WHAT THIS TASK INVOLVES
Starting with the line that holds "Real 925 Sterling" and stopping after the line that holds "Describe an image", repeat the lines below word for word, without the pictures.

DATASET RECORDS
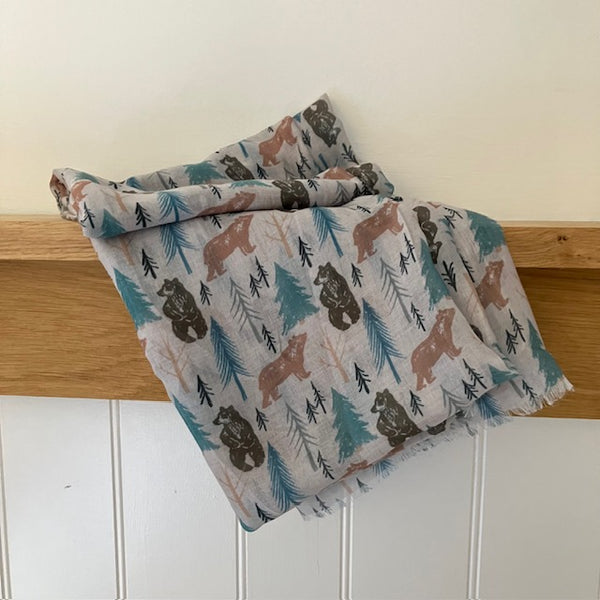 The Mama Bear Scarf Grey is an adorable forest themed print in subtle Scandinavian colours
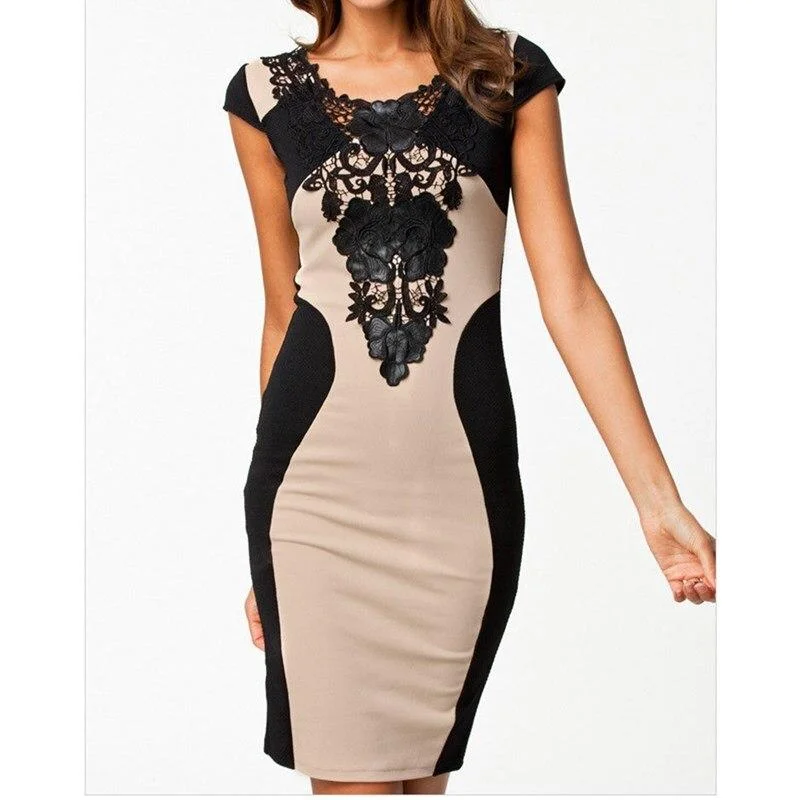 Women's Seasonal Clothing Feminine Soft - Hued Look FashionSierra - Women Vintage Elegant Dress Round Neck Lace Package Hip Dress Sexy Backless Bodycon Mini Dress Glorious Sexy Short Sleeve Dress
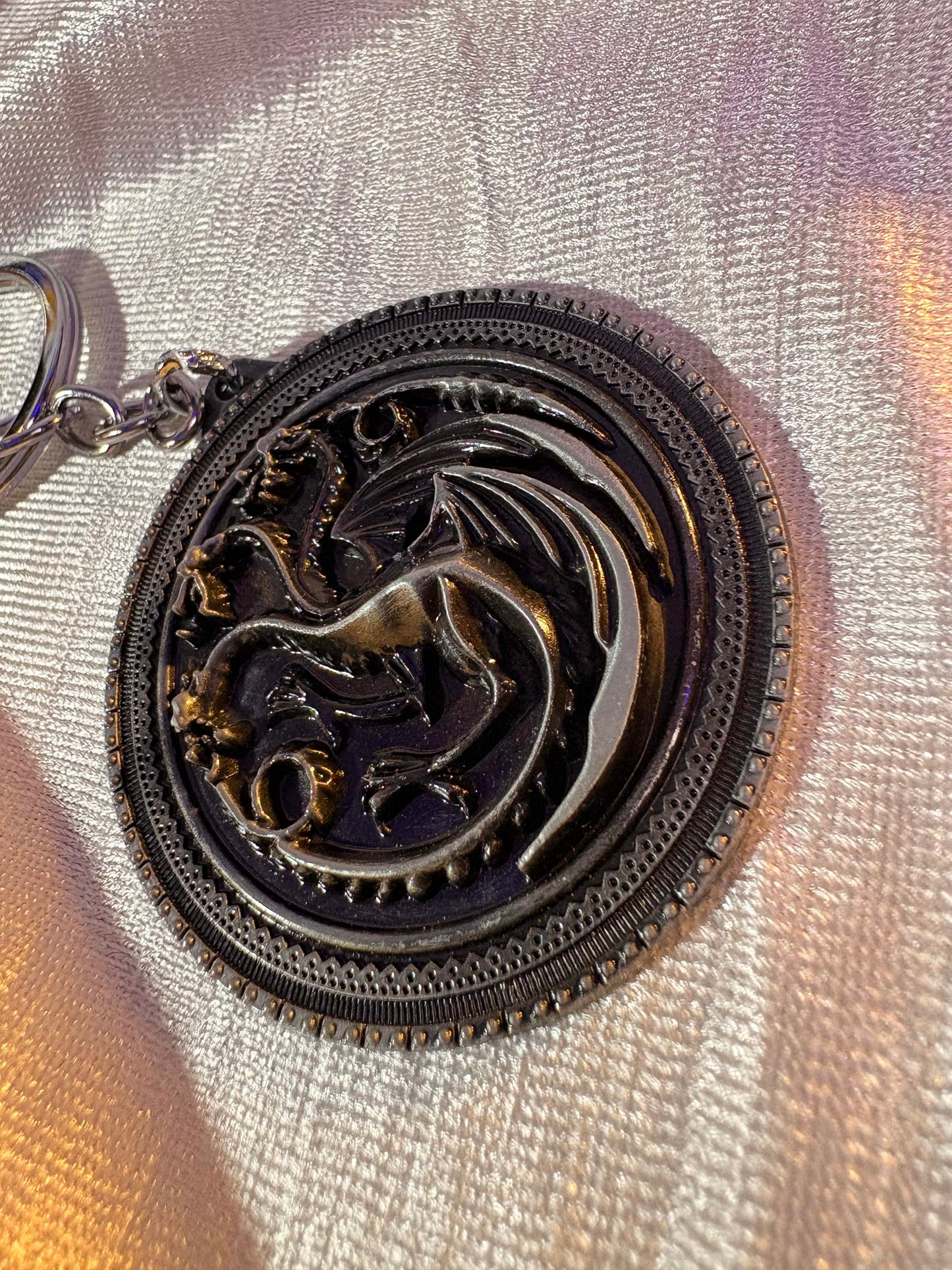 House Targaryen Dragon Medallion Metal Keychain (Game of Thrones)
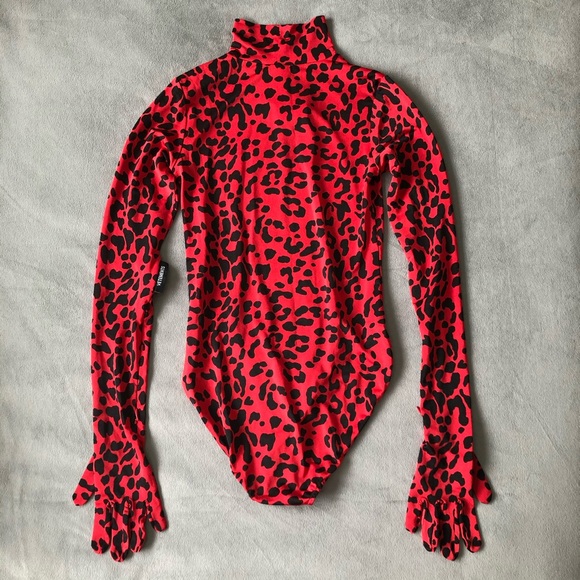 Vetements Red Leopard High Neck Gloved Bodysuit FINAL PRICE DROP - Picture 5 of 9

...

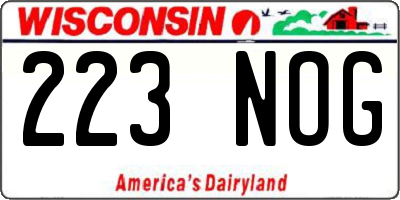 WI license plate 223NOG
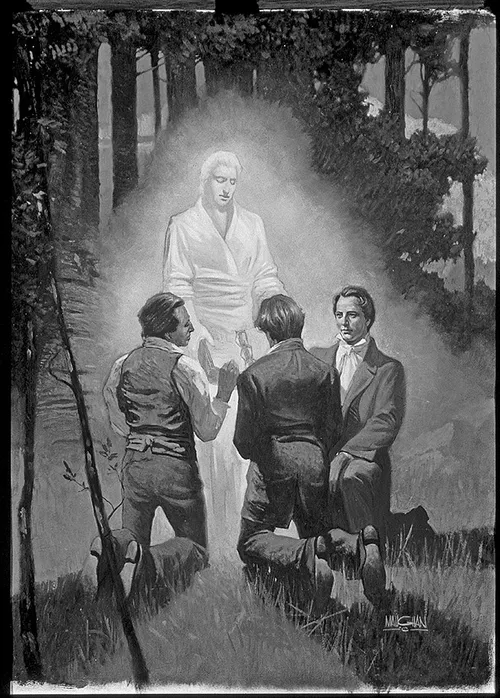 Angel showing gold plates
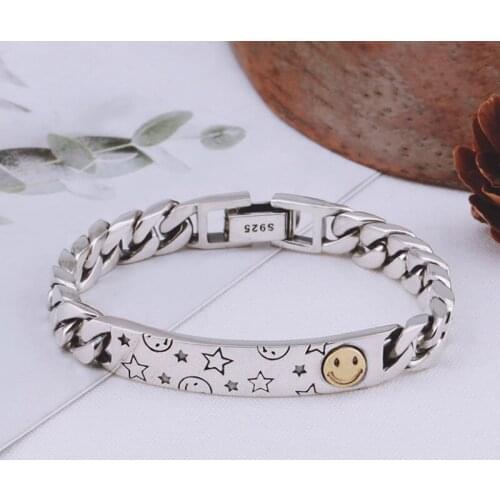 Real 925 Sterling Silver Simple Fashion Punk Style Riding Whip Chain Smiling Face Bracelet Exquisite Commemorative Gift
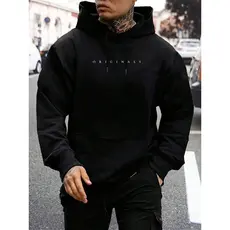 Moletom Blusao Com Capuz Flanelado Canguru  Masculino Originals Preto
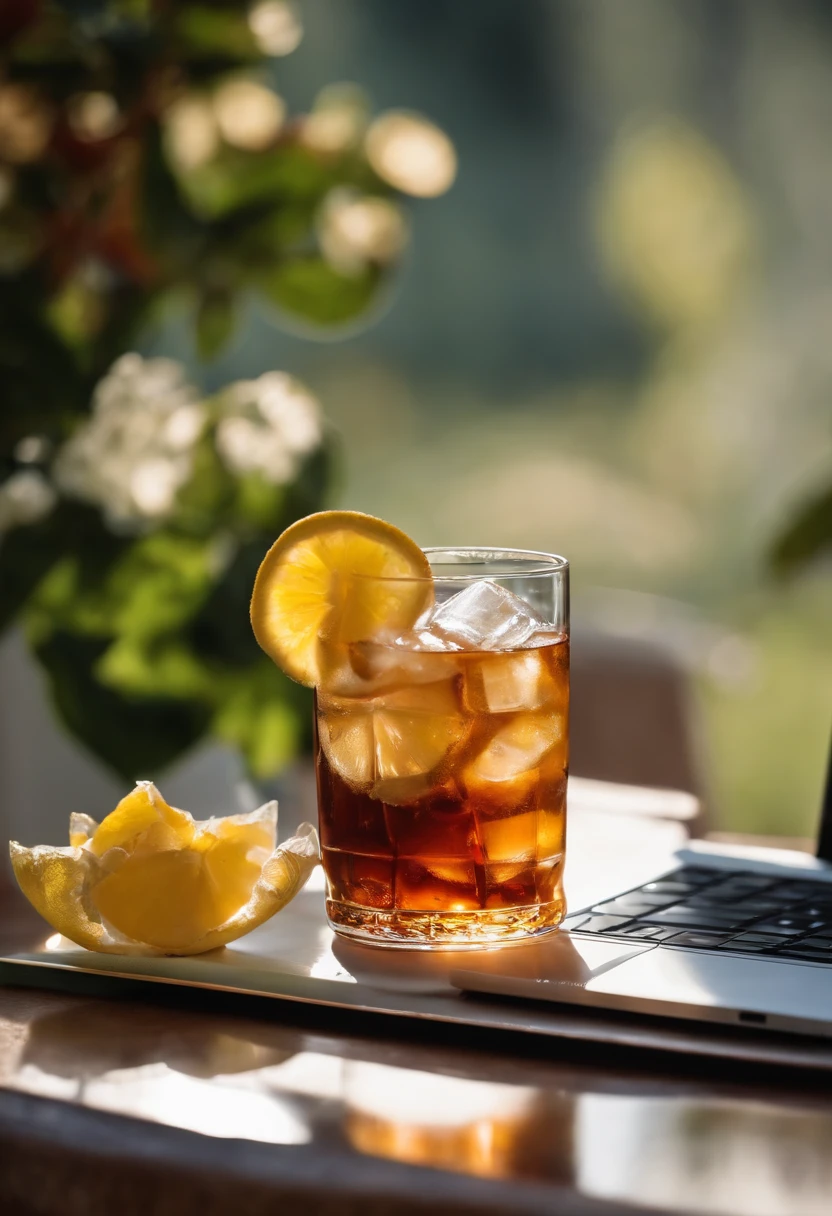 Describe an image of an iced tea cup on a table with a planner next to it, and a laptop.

EXERCISE RESULT
 Real 925 Sterling Silver Simple Fashion Punk Style Riding Whip Chain Smiling Face Bracelet Exquisite Commemorative Gift
 Moletom Blusao Com Capuz Flanelado Canguru  Masculino Originals Preto
 Describe an image of an iced tea cup on a table with a planner next to it, and a laptop.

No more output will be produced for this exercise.